The increasing use of cephalosporin antibiotics could create conditions where resistance to cephalosporin antibiotics through the acquisition of CTX-M-type ESBLs is advantageous for the bacteria. Hence these conditions would satisfy Darwin’s conditions for evolution through natural selection.
(c) In Activity 7 in Week 1, you looked at how resistance to cephalosporins had changed in the UK over time (Figure 12). By comparing the data in Figures 11 and 12 do you think that the occurrence of CTX-M-type ESBLs is a good indicator of the rate of resistance to cephalosporins?

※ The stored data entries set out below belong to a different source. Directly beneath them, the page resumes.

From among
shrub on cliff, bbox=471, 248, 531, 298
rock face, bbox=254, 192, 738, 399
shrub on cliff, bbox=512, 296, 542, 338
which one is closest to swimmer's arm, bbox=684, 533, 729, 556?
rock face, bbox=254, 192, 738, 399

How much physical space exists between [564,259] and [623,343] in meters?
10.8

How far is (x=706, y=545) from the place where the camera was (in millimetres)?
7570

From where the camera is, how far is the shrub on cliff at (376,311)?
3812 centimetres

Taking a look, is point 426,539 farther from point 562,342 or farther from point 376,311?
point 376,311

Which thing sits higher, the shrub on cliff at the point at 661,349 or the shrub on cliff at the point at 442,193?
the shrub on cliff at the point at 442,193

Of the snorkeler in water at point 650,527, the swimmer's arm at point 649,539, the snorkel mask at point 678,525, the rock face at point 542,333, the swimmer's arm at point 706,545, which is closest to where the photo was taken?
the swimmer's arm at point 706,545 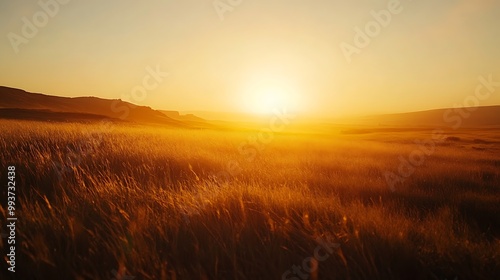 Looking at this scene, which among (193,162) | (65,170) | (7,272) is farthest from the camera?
(193,162)

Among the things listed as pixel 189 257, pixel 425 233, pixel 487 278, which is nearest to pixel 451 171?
pixel 425 233

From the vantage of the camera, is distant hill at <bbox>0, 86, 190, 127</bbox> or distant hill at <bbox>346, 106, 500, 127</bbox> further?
distant hill at <bbox>346, 106, 500, 127</bbox>

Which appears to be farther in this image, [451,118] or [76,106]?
[451,118]

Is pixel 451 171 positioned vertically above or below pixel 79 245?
below

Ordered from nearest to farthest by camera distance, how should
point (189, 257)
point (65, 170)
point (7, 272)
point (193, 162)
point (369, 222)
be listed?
point (7, 272) < point (189, 257) < point (369, 222) < point (65, 170) < point (193, 162)

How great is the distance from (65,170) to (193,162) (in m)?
2.92

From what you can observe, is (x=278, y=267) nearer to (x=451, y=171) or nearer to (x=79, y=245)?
(x=79, y=245)

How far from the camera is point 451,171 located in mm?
8766

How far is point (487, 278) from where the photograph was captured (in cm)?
220

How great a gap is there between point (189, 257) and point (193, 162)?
488cm

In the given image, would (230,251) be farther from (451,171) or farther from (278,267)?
(451,171)

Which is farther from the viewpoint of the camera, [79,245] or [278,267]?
[79,245]

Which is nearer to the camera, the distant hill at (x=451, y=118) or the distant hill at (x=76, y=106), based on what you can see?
the distant hill at (x=76, y=106)

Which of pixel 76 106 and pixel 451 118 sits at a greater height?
pixel 76 106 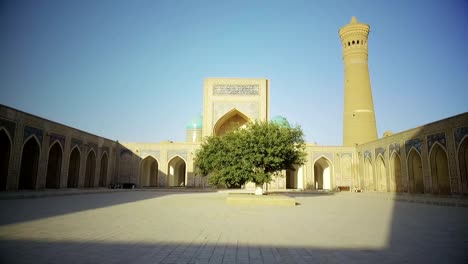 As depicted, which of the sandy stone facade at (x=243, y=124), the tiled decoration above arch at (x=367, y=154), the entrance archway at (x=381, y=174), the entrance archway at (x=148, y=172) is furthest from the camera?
the entrance archway at (x=148, y=172)

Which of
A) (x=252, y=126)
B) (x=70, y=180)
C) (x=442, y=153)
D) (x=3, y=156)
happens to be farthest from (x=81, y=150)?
(x=442, y=153)

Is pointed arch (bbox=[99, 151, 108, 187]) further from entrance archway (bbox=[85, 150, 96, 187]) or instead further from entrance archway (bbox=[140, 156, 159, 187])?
entrance archway (bbox=[140, 156, 159, 187])

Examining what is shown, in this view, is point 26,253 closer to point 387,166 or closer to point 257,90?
point 387,166

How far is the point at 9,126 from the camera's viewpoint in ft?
43.7

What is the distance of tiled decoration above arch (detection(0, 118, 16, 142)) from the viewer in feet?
42.5

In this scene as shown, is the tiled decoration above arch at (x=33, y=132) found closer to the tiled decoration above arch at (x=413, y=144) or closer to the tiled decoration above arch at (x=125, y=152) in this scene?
the tiled decoration above arch at (x=125, y=152)

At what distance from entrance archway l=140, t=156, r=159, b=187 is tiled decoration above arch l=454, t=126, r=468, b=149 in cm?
2029

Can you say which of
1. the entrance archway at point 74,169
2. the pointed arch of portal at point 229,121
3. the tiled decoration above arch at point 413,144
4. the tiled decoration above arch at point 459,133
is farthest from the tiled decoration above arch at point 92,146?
the tiled decoration above arch at point 459,133

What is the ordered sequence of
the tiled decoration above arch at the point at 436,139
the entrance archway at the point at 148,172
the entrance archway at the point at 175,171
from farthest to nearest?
the entrance archway at the point at 175,171
the entrance archway at the point at 148,172
the tiled decoration above arch at the point at 436,139

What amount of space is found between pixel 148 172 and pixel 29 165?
40.0 feet

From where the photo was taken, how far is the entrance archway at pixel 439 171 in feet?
52.9

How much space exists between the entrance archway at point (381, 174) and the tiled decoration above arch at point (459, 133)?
683cm

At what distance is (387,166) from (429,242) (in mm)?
17506

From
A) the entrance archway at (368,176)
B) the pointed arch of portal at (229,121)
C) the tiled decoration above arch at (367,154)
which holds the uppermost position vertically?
the pointed arch of portal at (229,121)
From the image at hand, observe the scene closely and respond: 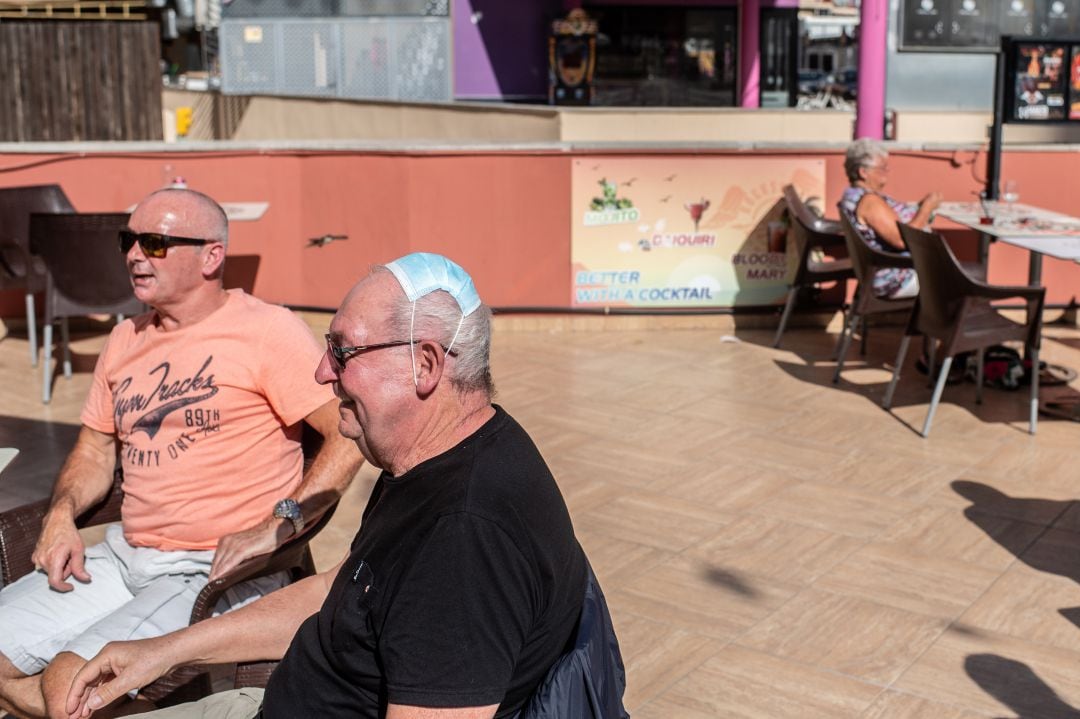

Yes. Patterns of resistance to cephalosporins and the occurrence of CTX-M-type ESBLs were broadly similar between 2002 and 2016. This suggests that CTX-M occurrence is a good indicator of cephalosporin resistance and that the presence of CTX-M-type ESBLs in E. coli is the major cause of cephalosporin resistance.
(d) What challenges might these changes in the prevalence of CTX-M-type ESBLs present to health care?
The increasing frequency of cephalosporin-resistant bacteria and CTX-M-type ESBLs restricts the treatment options for infections caused by these bacteria.